Last week, while having lunch with some friends, I mentioned my work with the First Gen College project. One friend, a psychologist, quickly piped up, “I’m a first gen.” She shared that nobody in her family was particularly interested in whether or not she went to college, and the challenges of trying to figure it all out herself. She recalled that by the time she got to her PhD program, when she sent her completed dissertation to her mother, she responded with disbelief. “You didn’t write this. You couldn’t have written this!”
Now that I am on my Northern California college road trip, my focus has been on young people. As I interview them, I am hearing over and over about their efforts to access college, attend and graduate, and launch careers when their families don’t have the expertise to provide specific guidance.
I have spent the last sixteen years encouraging and guiding students through the maze of college selection, applications, and scholarships. I have been happy to answer questions, to help them connect with professionals I know in fields that interest them, and to just listen and be supportive as they try to find their way in uncharted waters.
Sometimes these young people feel like imposters when they arrive at college, like they don’t belong. They see their college peers seeming so much better prepared, so much more adroit at navigating the college process, so much less disoriented by the new environment. For many, this is their first experience meeting peers with wealth and privilege that is unimaginable to them.
I reassure them that their experiences are normal, that they are resourceful and resilient, that they have many skills and tools that can help them adjust, and that they can persevere and succeed. That’s not to say it won’t be challenging, or painful at times, but I know that they can do it.

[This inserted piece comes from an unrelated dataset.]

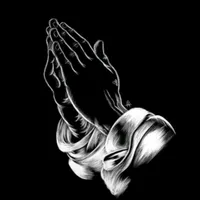 original sound - fillersson.1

Some also tell me about their difficulties explaining their experiences to their parents, and their fears that they are drifting apart as their world becomes so much broader, and as some family members are put off or intimidated by their academic advancement.
Yet beyond the challenges, many of these students express their excitement about the ways they have grown as a result of their time in college. They are struck by the new ideas and people they have been exposed to, and by feeling empowered as they begin to find their voice and their place in this new world.
With my focus on these young people, I had almost forgotten that there are many professional adults in the world who were the first in their families to navigate the terrain of higher education. And some of them are in my social and professional networks. Many of the challenges of being the first to venture into higher education were the same for them, even if their experiences with college may have been years ago, or if their parents are American born, or if they were raised in middle class families.
Part of my hope with First Gen College is to connect those dots.
It is my hope that young people navigating the college process will appreciate the stories of their first gen peers. I hope they will begin realizing that some of their professors, their doctors, or other professional adults in their world may also be first generation college. I hope this will make it easier for them to see themselves and their futures more clearly, and help them feel bolder about telling their stories, and more comfortable reaching out for support from these people and others.
Professional adults, established in their careers, who were first generation college students, may gain new insights into their own histories as they hear some of these stories. I hope they will think about ways they can be a resource for current first gen students.
I hope that those who have benefited from parents with college degrees will gain insight and understanding into some of the challenges that others, with different circumstances, face in college today.
And I hope that all of you, first gen or not, will recognize something of yourself in the young people on this site and their stories, that you will share these resources with others, and that you will gain greater insight into some of the challenges and successes of first-generation college students in this time and place.